Here's where I started:
- a file full of metadata: 2,199,547 lines of metadata I exported from a system in JSON format (one object per line)
- a file full of identifiers: 186,258 unique identifiers, also as JSON
- a goal: every line from the metadata file corresponding to each of the identifiers
If you're not familiar with JSON and the tool I'm going to talk about in this post, jq, I recommend working through "Reshaping JSON with JQ", a tutorial at The Programming Historian that uses data from twitter and an art museum as examples. It covers a lot of ground, especially the basics, better than I could.
This post might not make a lot of sense without that background, though I've tried to lay things out as clearly as I can. I'm going to start out by going through how I approached the problem and why I rejected a bunch of ideas I had at first. If that doesn't interest you, you can skip ahead to my solution.
the structure of the data
The lines in the metadata file look like this:1
{"id":"druid:fg419sg6615","title_ssi":"Palo Alto Railroad","accessioned_latest_dttsi":"2017-04-01T02:44:07Z","status_ssi":"v3 Accessioned"}
{"id":"druid:another_id","title_ssi":"another title","accessioned_latest_dttsi":"2017-04-01T02:44:07Z","status_ssi":"v3 Accessioned"}
{"id":"druid:unmatched_id","title_ssi":"not in the identifier file","accessioned_latest_dttsi":"2020-02-01T02:44:07Z","status_ssi":"v3 Accessioned"}
The lines in the identifier file look like this:
{"id":"druid:fg419sg6615"}
{"id":"druid:another_id"}
Other key features of the data:
- Each line in each file is unique
- Each "id" value is unique within each file
- Each "id" value in the identifier file matches an "id" value in the metadata file
That's basically it for the structure of the data. The files themselves are not particularly complex. The challenge is in the scale: there are ways to process a file with 2 million lines that are fast, and ways that are really slow.
the goal
Again, the result I wanted was:
- every line in the metadata file that
- has the same value for "id" as a line in the identifier file
And I wanted that result to also be JSON.
the solutions I rejected
The simplest way to do this, conceptually, would be to write a loop. Leaving aside the specifics of how to do this in any particular language, it could look something like:
for each line in the identifier file look for the same "id" value in the metadata file when you find it, output that metadata to a third file for storing results repeat until you've done this 185,000 times
The problem with this strategy is that it processes the metadata file once every time it runs through the loop. Even if that took only a second, it would take 185,000 seconds, or about 51 hours, to get through all of the ids.

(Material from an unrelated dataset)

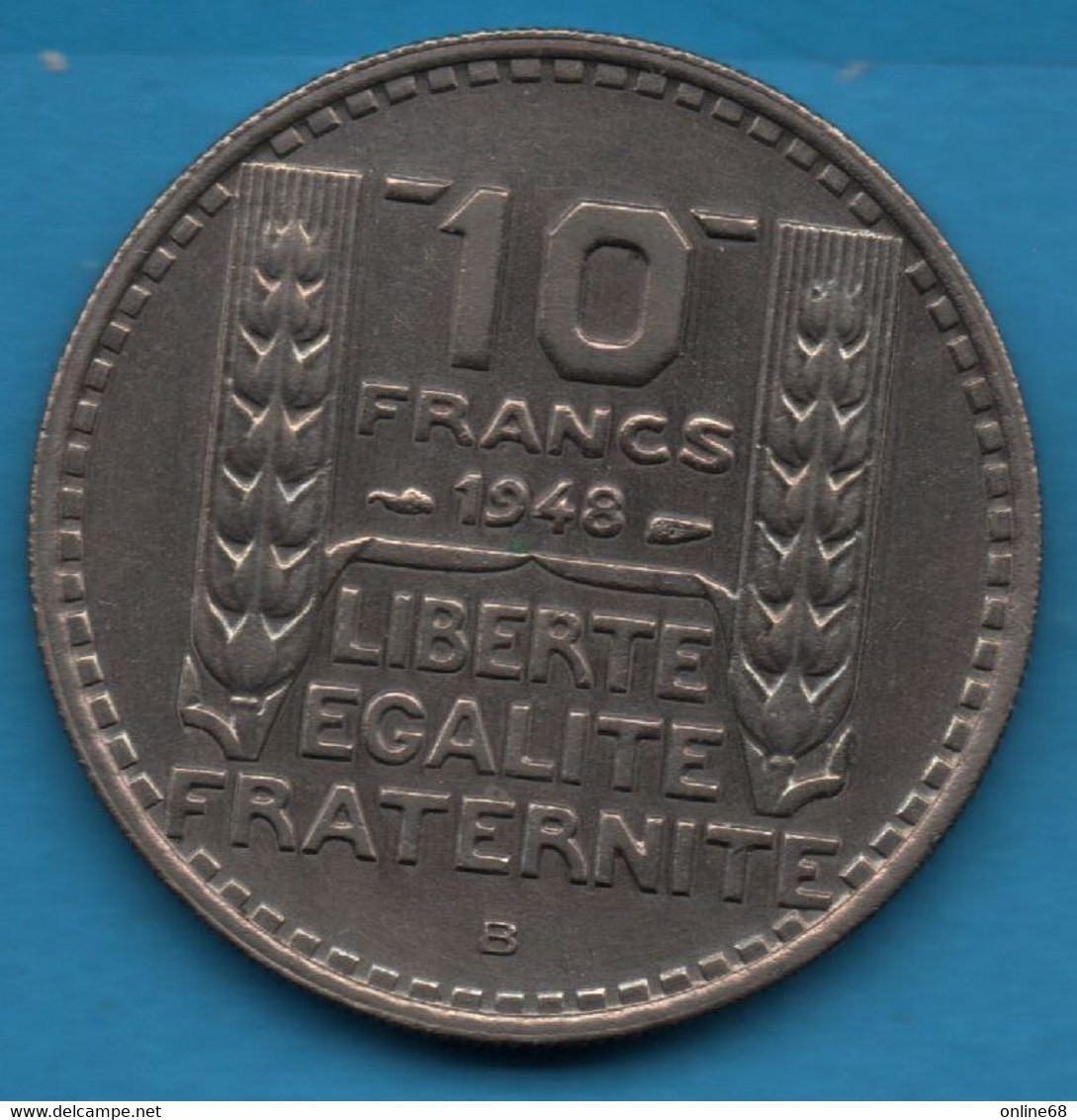 FRANCE 10 FRANCS 1948 B KM#909 Turin Petite Tête - 10 Centimes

Even worse, it took a lot more than one second to look up one value in the metadata file with a command like:
jq 'select(.id == "druid:fg419sg6615")'
It actually took more like 15 seconds for that one lookup. At that rate, 185,000 lookups would take about a month. That was clearly not something I was going to wait for.

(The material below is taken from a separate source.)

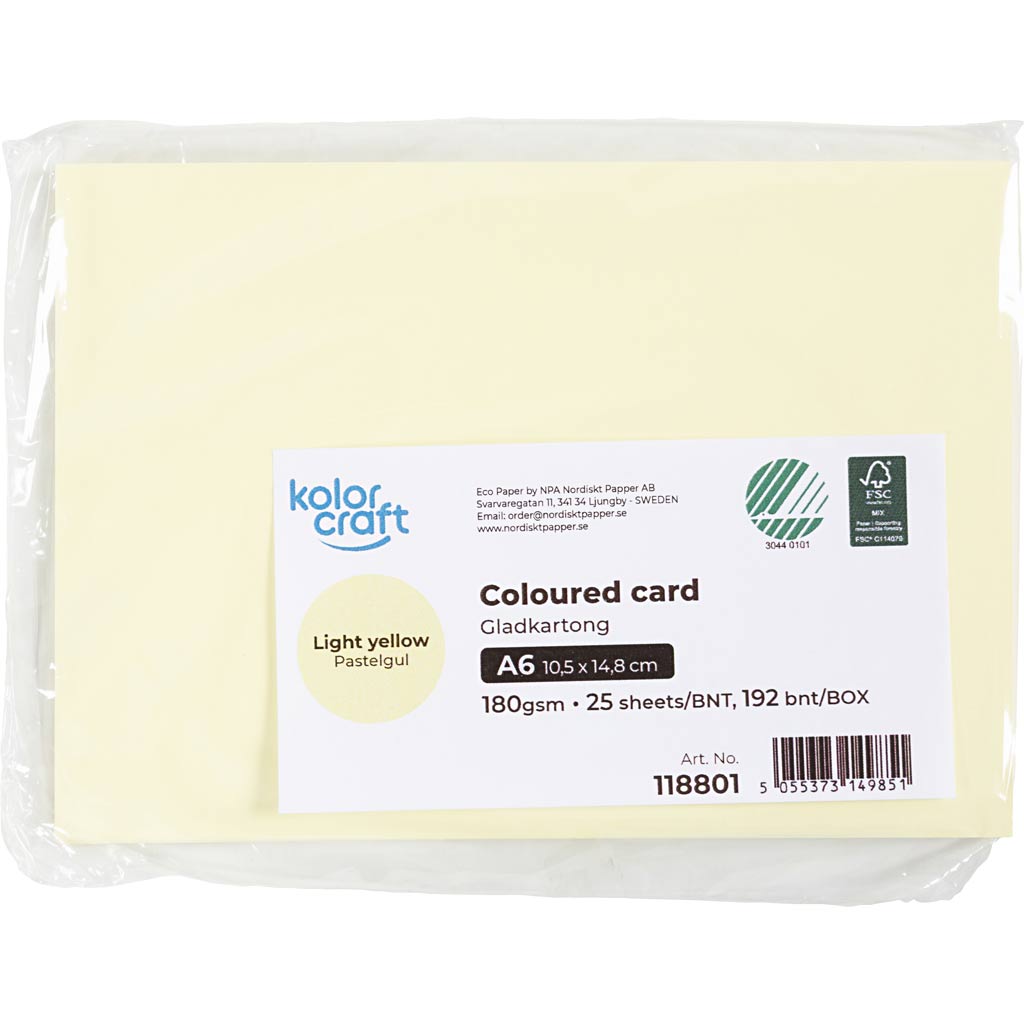 Karton, A6, 180 g, lys gul, 25 ark/ 1 pk. - Image 2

So I looked at a few alternatives, based on what I've learned over the years about processing text files with command line tools. The main two I considered were:
1. using grep instead of jq
grep is incredibly fast at finding text in files. Since every identifier is unique, why not just grep for it? I tried this out and it's true: grep finds a single value in the metadata file much, much more quickly than the jq expression I used above.
The problem with using grep here is that it makes no use of the JSON structure, so it doesn't make a distinction between an identifier in the "id" field and the same string of text elsewhere in the file. It's possible to correct for this in how you write the command, but it's kind of annoying to have to do that when there's already a field right there that says "id".
2. using parallel processing
Instead of one looooong looooop, I considered using parallel processing to have the computer run as many lookups as possible at the same time. This way it would still make 185,000 lookups, but at least it would be running multiple lookups at the same time.
I'm not going to go into the details, but I did try both of these strategies together: I used GNU parallel to distribute as many as four grep commands at once. This went quickly enough that I could have accepted it as a solution and called it a day. But it still took over six hours, if not a literal day.
I knew there had to be a better way. And there was.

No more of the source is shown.